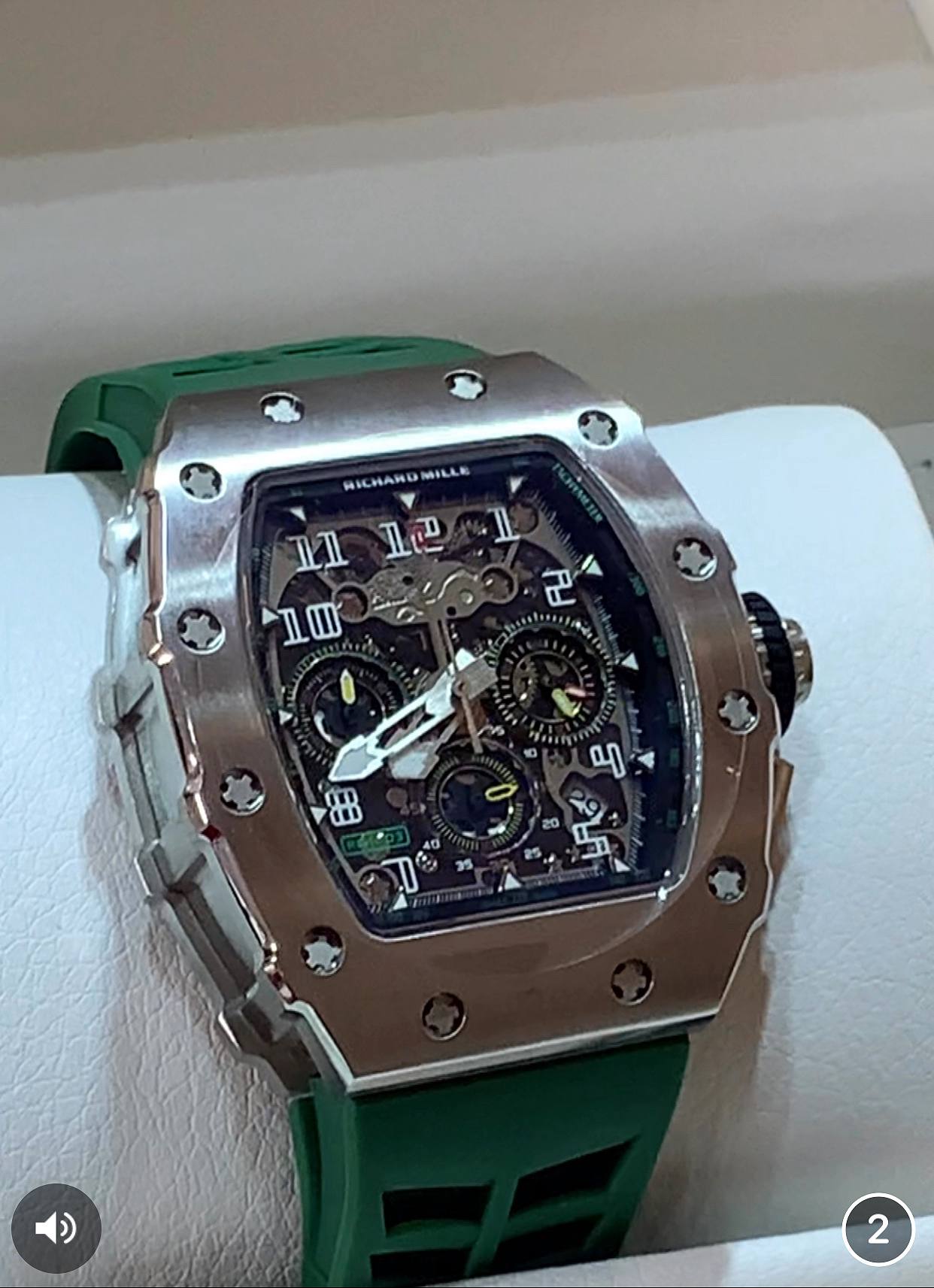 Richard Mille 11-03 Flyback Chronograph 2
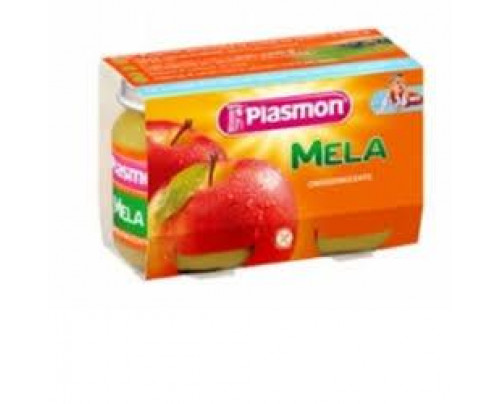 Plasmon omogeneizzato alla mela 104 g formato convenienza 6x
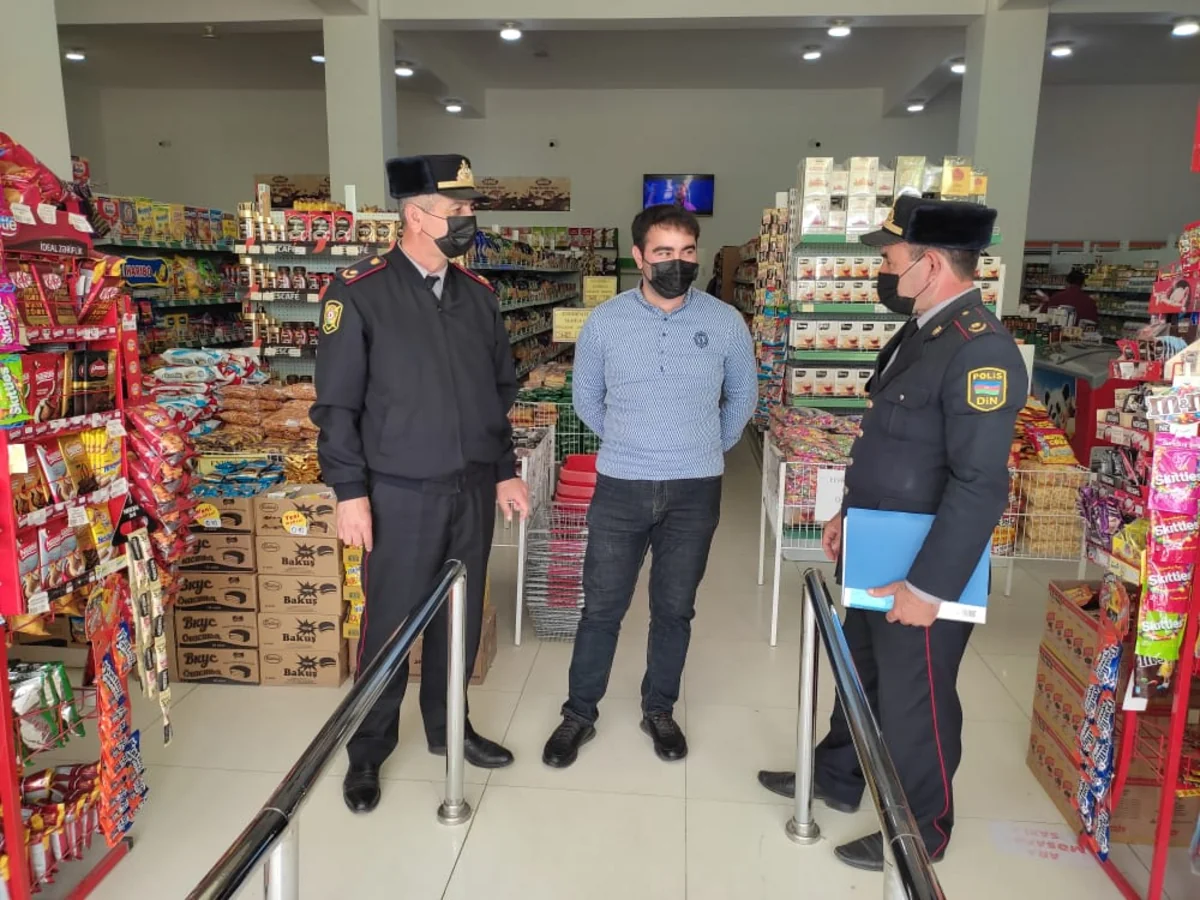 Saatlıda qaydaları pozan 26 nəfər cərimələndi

========================================================================

WORK INSTRUCTIONS
Write out the material above exactly; no pictures.

REPLY
 Richard Mille 11-03 Flyback Chronograph 2
 Plasmon omogeneizzato alla mela 104 g formato convenienza 6x
 Saatlıda qaydaları pozan 26 nəfər cərimələndi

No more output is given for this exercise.